I’ve been thinking a lot about the state of women in the world.   Hollywood was reeling over the avalanche of harassment and sexual assault allegations against Harvey Weinstein.  The #MeToo hashtag is near-constant in my various feeds.  I am saddened.  I keep asking myself, “How do I take action?”  And more importantly, how to take action that reverbs beyond just Hollywood?

I see Saudi women claiming their right to drive and wanting more of the rights that we in the USA take for granted.  There’s been significant action to stop child-marriage in India.   Men are expressing remorse, sympathy and solidarity for the women brave enough to tell world their “Me Too”.   There IS progress.

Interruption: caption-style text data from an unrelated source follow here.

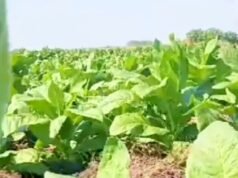 Begini Cara Mudah Dapat Bibit Tembakau Gratis di Bojonegoro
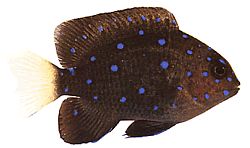 Microspathodon chrysurus (Bijuterii galbene)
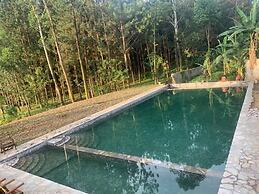 Nyungu Yamawe Forest Park
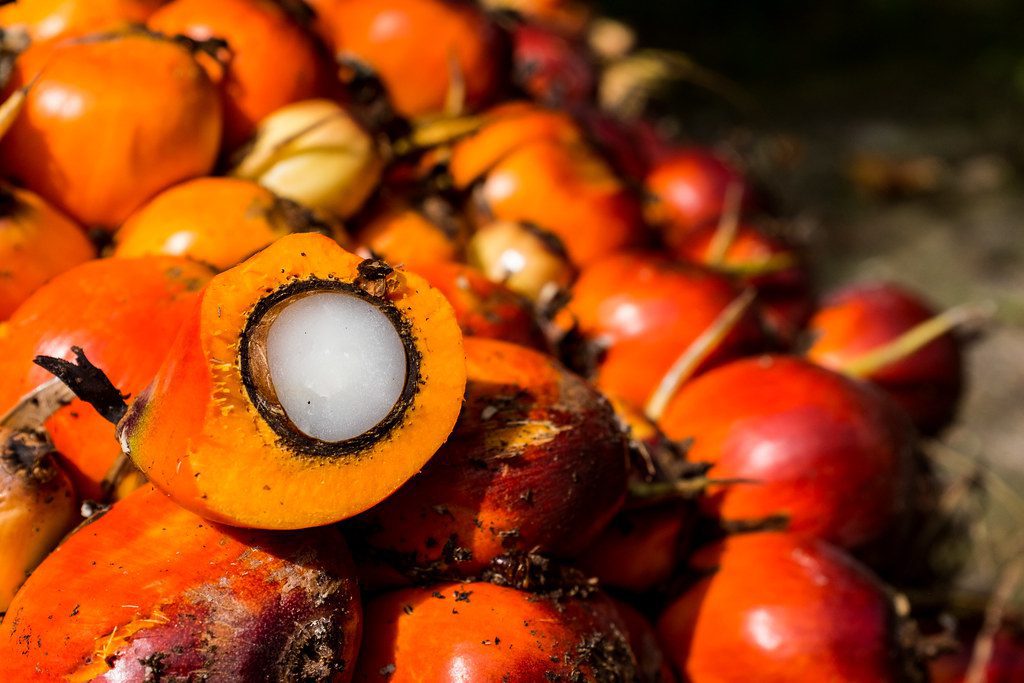 Palm Fruits A Comprehensive Guide Auscrops au
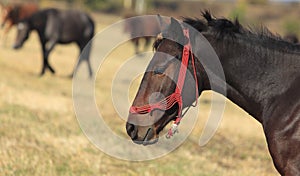 Profile of a horse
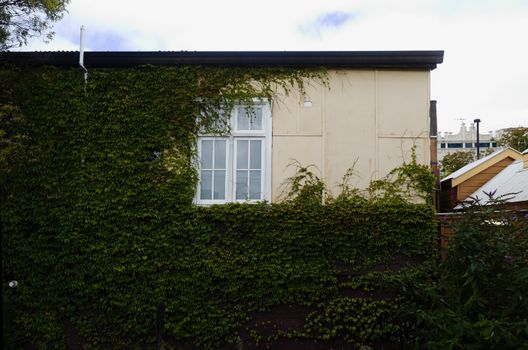 A vine-covered house exterior with a white window in Katoomba, Blue Mountains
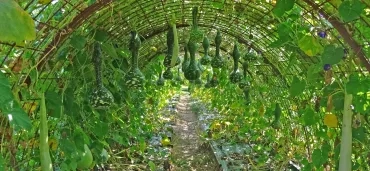 Des plants de courges poussent sur un treillis métalliques formant un tunnel à partir duquel pendent des courges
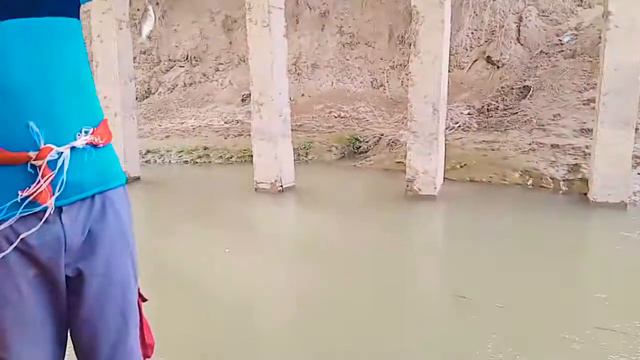 сентиралний зебирда балик овида смотреть онлайн
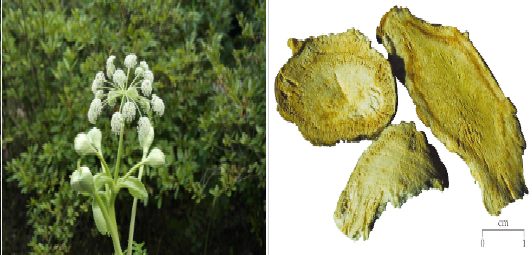 구릿대 꽃- 구릿대 뿌리 사진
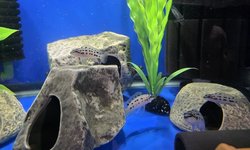 Chalinochromis sp 'ndobhoi'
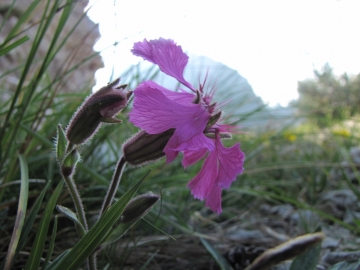 2009-07-24 cima Tombea 045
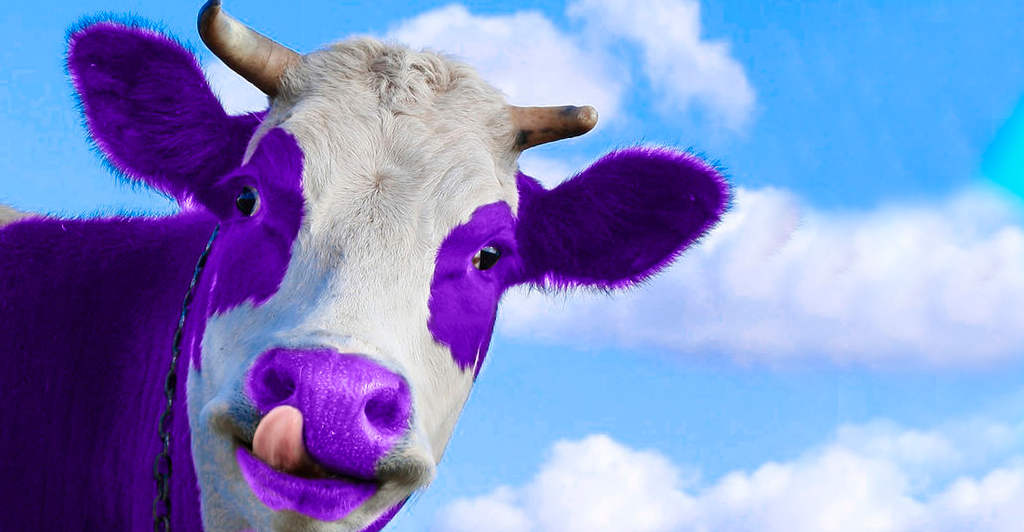 Foto - Você tem uma “vaca roxa” na sua empresa?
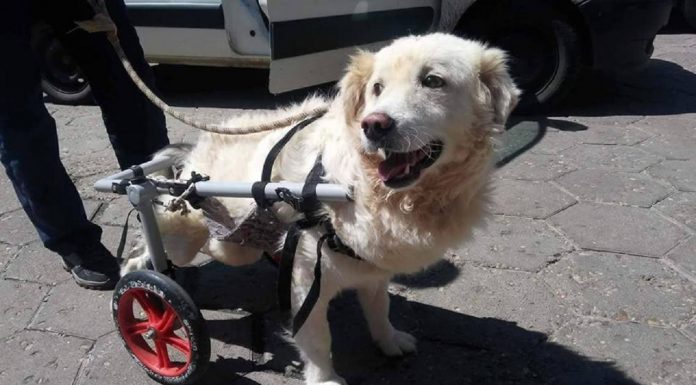 Dog Help: Осиновете животно и спечелете приятел за цял живот Dog Help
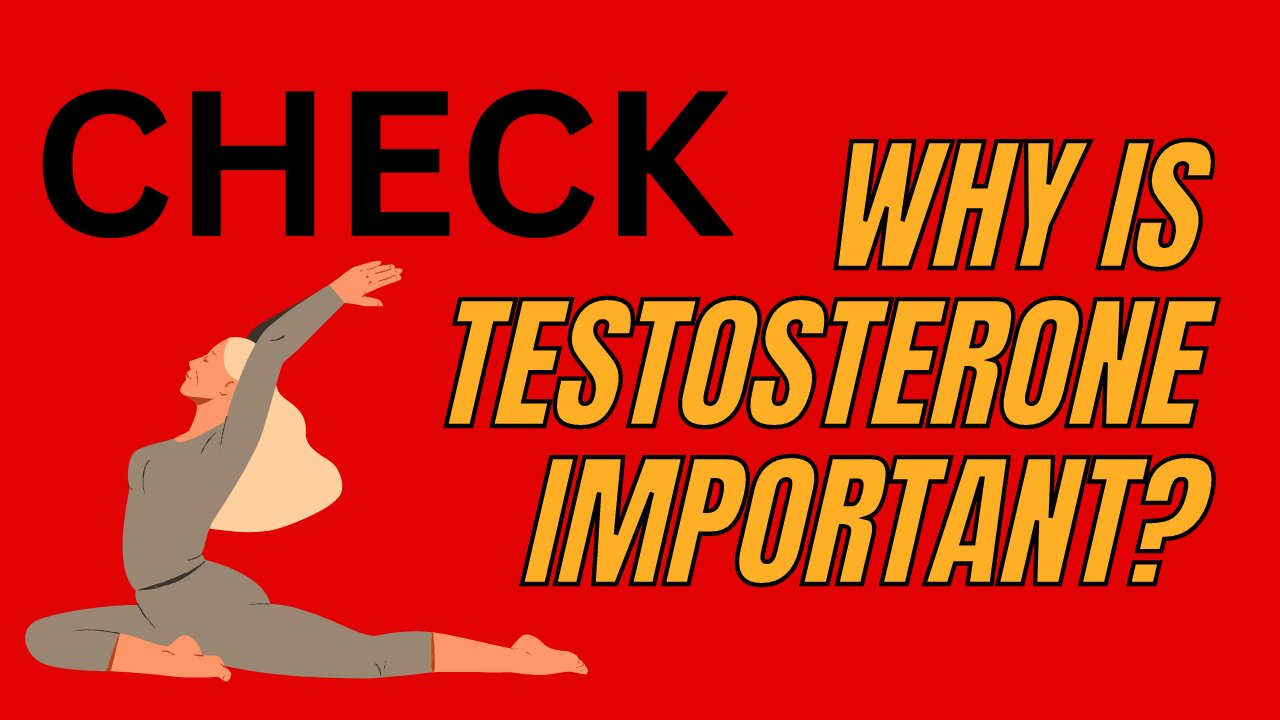 Why Is Testosterone Important?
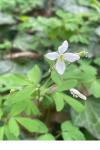 Isopyrum thalictroides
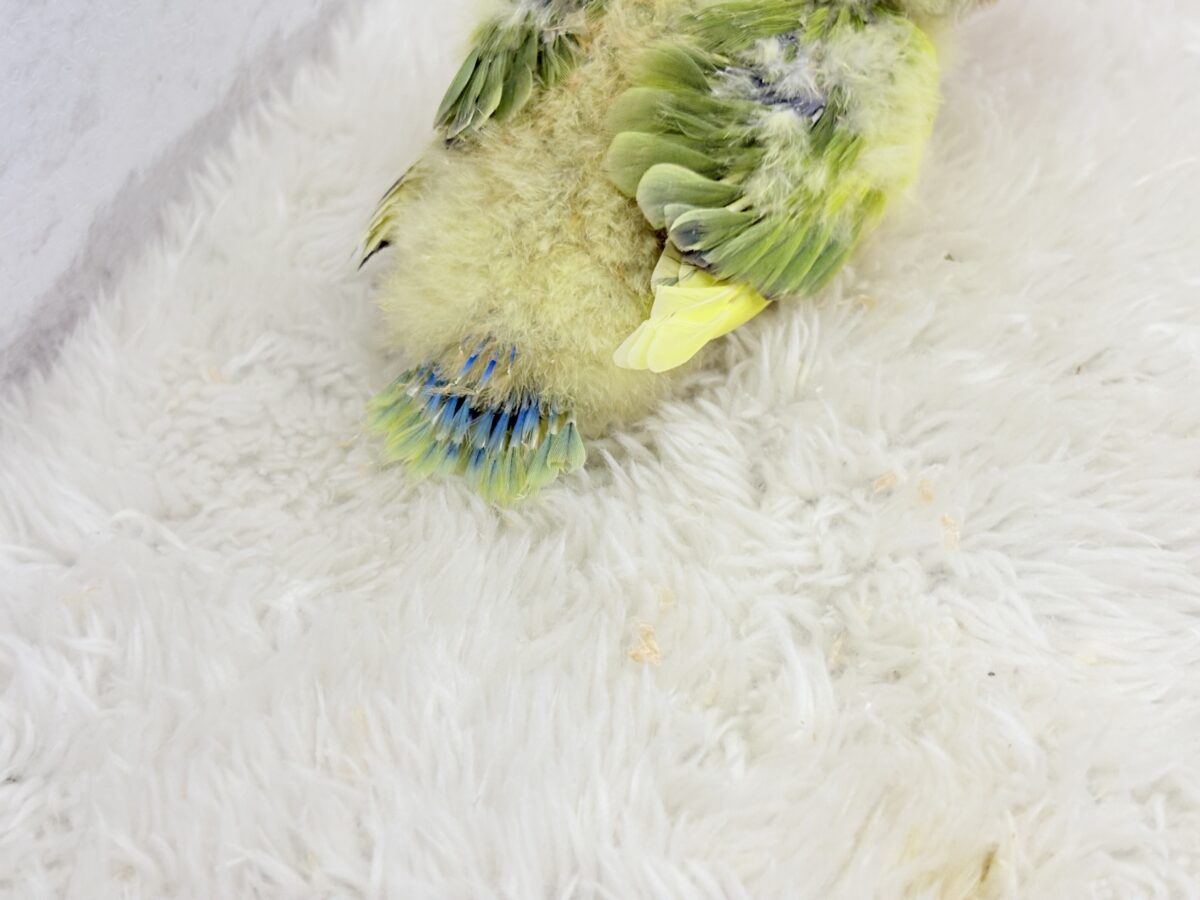 コザクラインコ（小桜インコ）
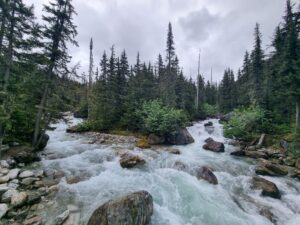 Mehr über den Artikel erfahren 27.06. Glacier Nationalpark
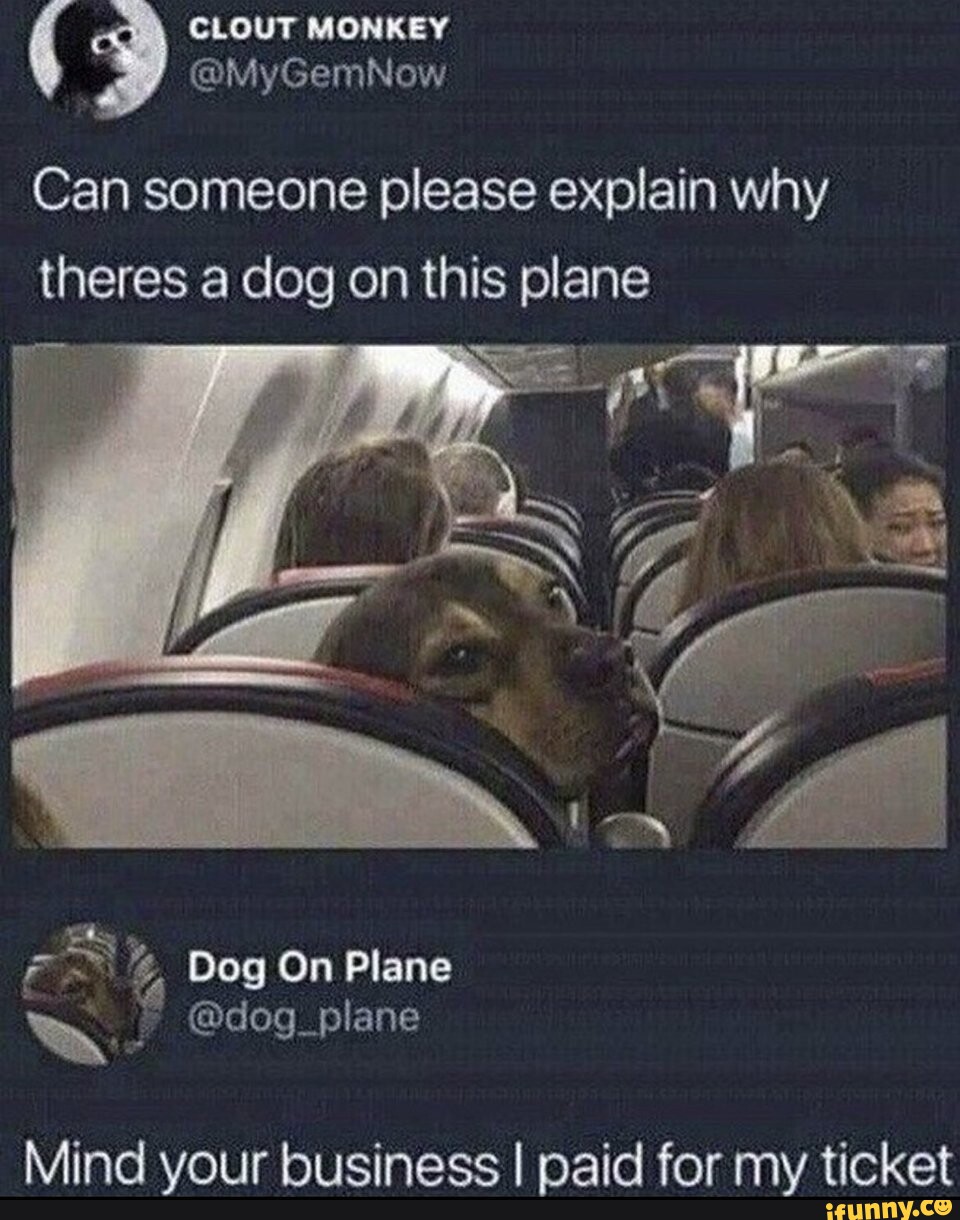 Clout Monkey @Mygemnow Can Someone Please Explain Why Theres A Dog On This  Plane Dog On Plane Mind Your Business I Paid For My Ticket - Ifunny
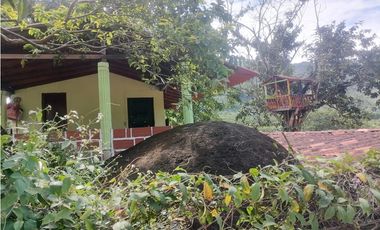 Finca en Venta, Cisneros, vía a la costa, 2 casas, estanques con peces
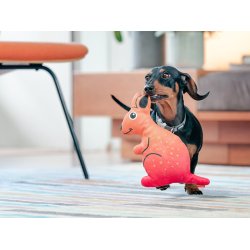 RedDingo Durables knguru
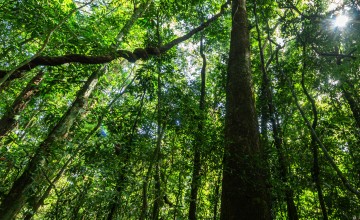 STRI Panama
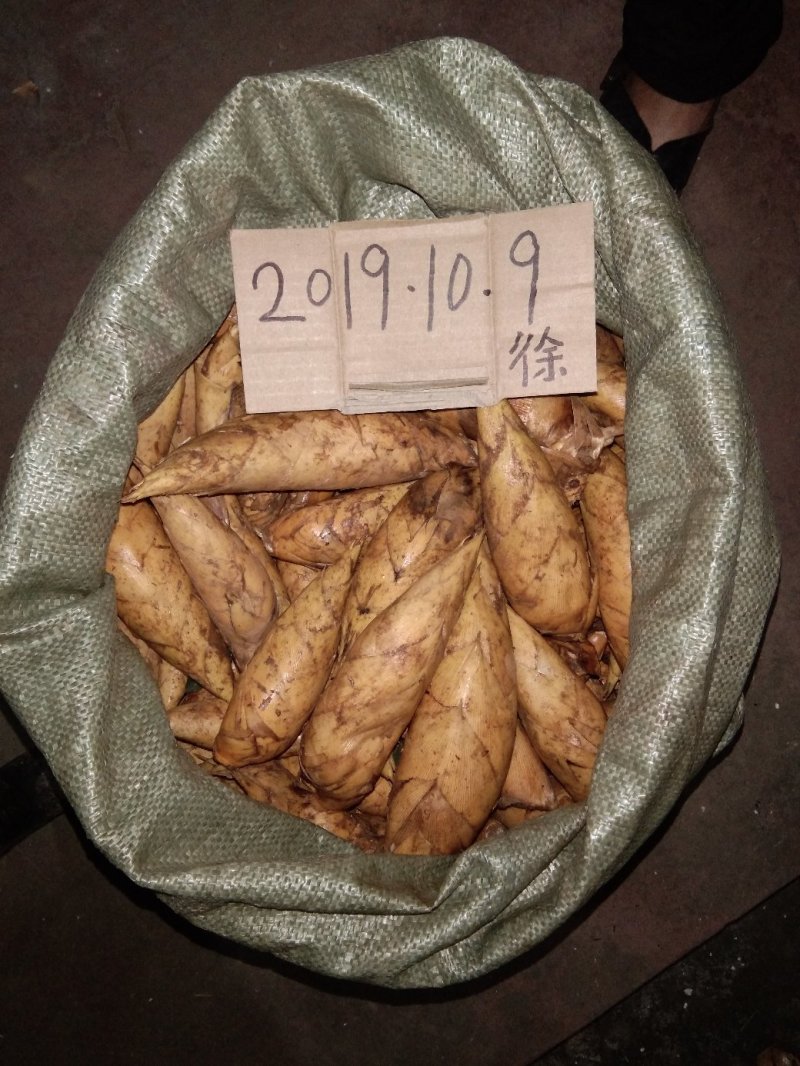笋批发
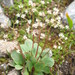 Idaho Saxifrage - Photo (c) mhays, some rights reserved (CC BY-NC), uploaded by mhays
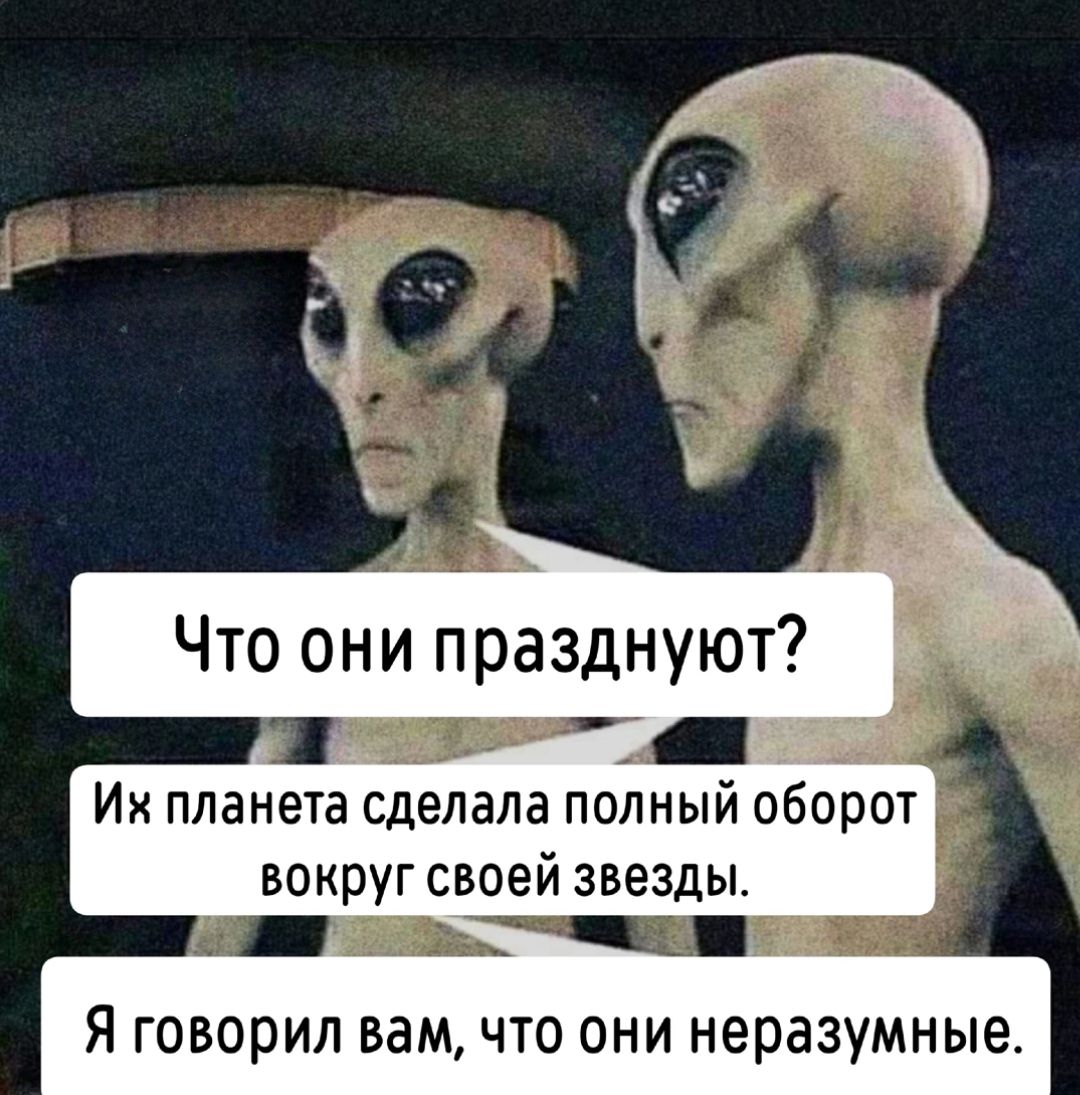 Что они празднуют?
Их планета сделала полный оборот вокруг своей звезды.
Я говорил вам, что они неразумные.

I had a conversation with Nada Nasserdeen of Rise Up For You this morning.   It will be up soon.  We discussed so many things and one of the things that came up was the pay gap.  What Harvey Weinstein did was horrible, and once the headlines fade on this, we still have to keep pushing for economic equality.  Abuse of power is intimately tied to money. Having money does not give you the right to abuse other people.  One of the things that stands out about the Harvey Weinstein debacle was how  he was perceived as  a “golden goose” to quote Scott Rosenberg, a long-time associate.  If you haven’t read Rosenberg’s comments, read it.  Weinstein’s ability to make box office money left him unchecked. Considering how little progress has been made to include more women in the decision-making process of commercial film and television, it’s no wonder that he would-be-Harvey-s would feel invincible.

How do we move forward beyond this week?

  • Reach out to a woman in entertainment and let her know you support her.  Let her know that you care.
  • Go to a play or movie directed or produced by a woman.  Support women in the arts.  There’s an old maxim that “You’re only as good as your last picture.”  Let’s support women making art.
  • Do not tolerate bad behavior, “locker room talk” or any action that demeans a woman or girl at home, work or school.
  • Support women globally, especially to empower them economically.  A threat to women’s freedoms anywhere compromises women’s freedom everywhere.  One of my favorite ways to do this is by funding a micro-loan on Kiva.

This is about more than the transgressions of one man.  There are more Harvey-s in every industry, every country.  This is not just a Hollywood problem.  It’s a power imbalance that manifests everywhere from gilded Hollywood to the most humble villages on earth.  As long as the pay gap is tolerable to the majority, women will still be a minority, even if women outnumber men.

 

 

#ReadMyLips

Mogul invited its members to write letters to the president about women’s issues they wanted to see addressed in the #ReadMyLips campaign.  Not all of these are policy-wonk fodder.  Some are beautiful poems, some  outcries against long-standing injustices.  What unites all of them is women are voicing their concerns in one unified act and it’s getting attention from many esteemed press outlets such as Allure, The Huffington Post and Glamour.

I contributed to this because I feel strongly that we need to better appreciate women in in our society as whole, past, present and future.